Two other serum biomarkers under investigation are proPSA and BPSA (otherwise called BPH/benign-related PSA), which are different molecular forms of free PSA. These two isoforms act essentially in an opposite manner. BPSA is found at higher levels in hyperplastic tissue from patients with BPH and may be a useful indicator of transition zone prostate volume. proPSA, specifically the truncated -2proPSA, is a molecular form of PSA present in prostate cancer and measurement may help distinguish cancer from benign conditions or assess how aggressive the cancer is. Use of proPSA with BPSA may help reduce the number of unnecessary biopsies. Both proPSA and BPSA are research use only immunoassays at the present time. Further investigation is warranted to help define the role of these and other biomarkers in prostate cancer screening and management.
PSA Testing at Mayo
At the Mayo Clinic, total and free PSA are performed on the Beckman Coulter DXI using the Hybritech calibration. There is a Total PSA Screen which is used for screening purposes and a Total PSA Diagnostic which is useful for monitoring or diagnosing prostate cancer. There is no difference between the total PSA used for screening or diagnostic purposes; however, Medicare does reimburse the tests differently based on the CPT code that is submitted. Total and free PSA can also be measured together and a free to total ratio is reported only if the total PSA is between 2-10 ng/ml. In the near future, we plan to move to a WHO-calibrated method and there are ongoing discussions about the strategy we will use.

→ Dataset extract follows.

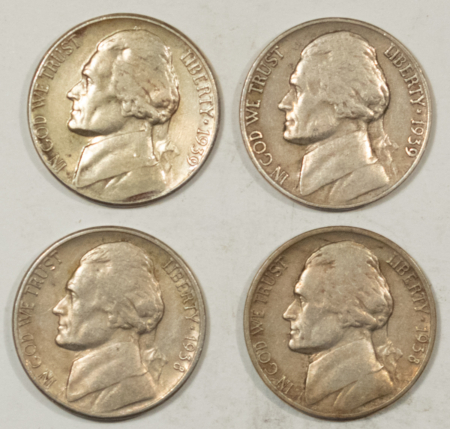 Jefferson Nickels 1938-D, 38-S, 39-D, 39-S JEFFERSON NICKELS, LOT OF 4 – HIGH GRADE CIRC EXAMPLES!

In conclusion, PSA assays remain problematic due to a lack of true standardization between WHO calibrated assays, which are needed for screening and diagnostic tests. If a lab changes from a Hybritech assay to a WHO standardized assay, use of different cutoffs should be utilized and education of physicians about the change is critical. Furthermore, many new biomarkers are on the horizon for earlier detection and prediction of prostate cancer. There are many clinical decisions made off of PSA measurements, and there will continue to be until we can give clinicians something that is superior to PSA.